# TASK ITEM
Starting at the first line of the material below, retype each line exactly until you reach the line with "Stockholm Matte Green", which is also included; pictures stay out.

[[ DATA BELOW open ]]

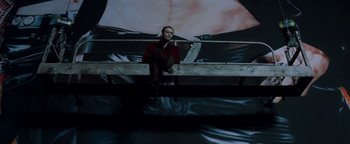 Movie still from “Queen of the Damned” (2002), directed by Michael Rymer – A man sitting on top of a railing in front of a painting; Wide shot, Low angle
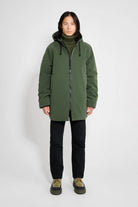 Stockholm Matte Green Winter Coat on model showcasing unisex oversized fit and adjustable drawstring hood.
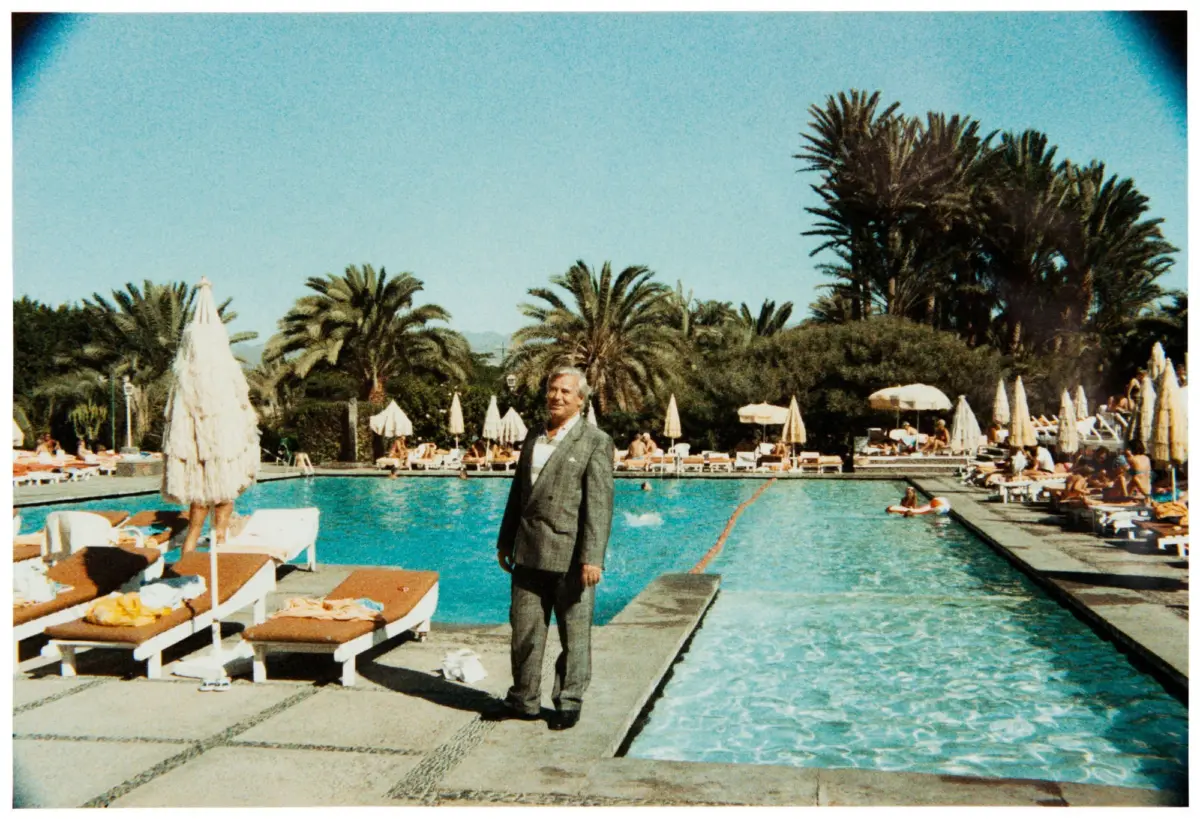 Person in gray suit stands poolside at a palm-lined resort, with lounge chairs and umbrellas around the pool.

[[ DATA BELOW closed ]]

# SOLUTION FOR THIS EXERCISE
 Movie still from “Queen of the Damned” (2002), directed by Michael Rymer – A man sitting on top of a railing in front of a painting; Wide shot, Low angle
 Stockholm Matte Green Winter Coat on model showcasing unisex oversized fit and adjustable drawstring hood.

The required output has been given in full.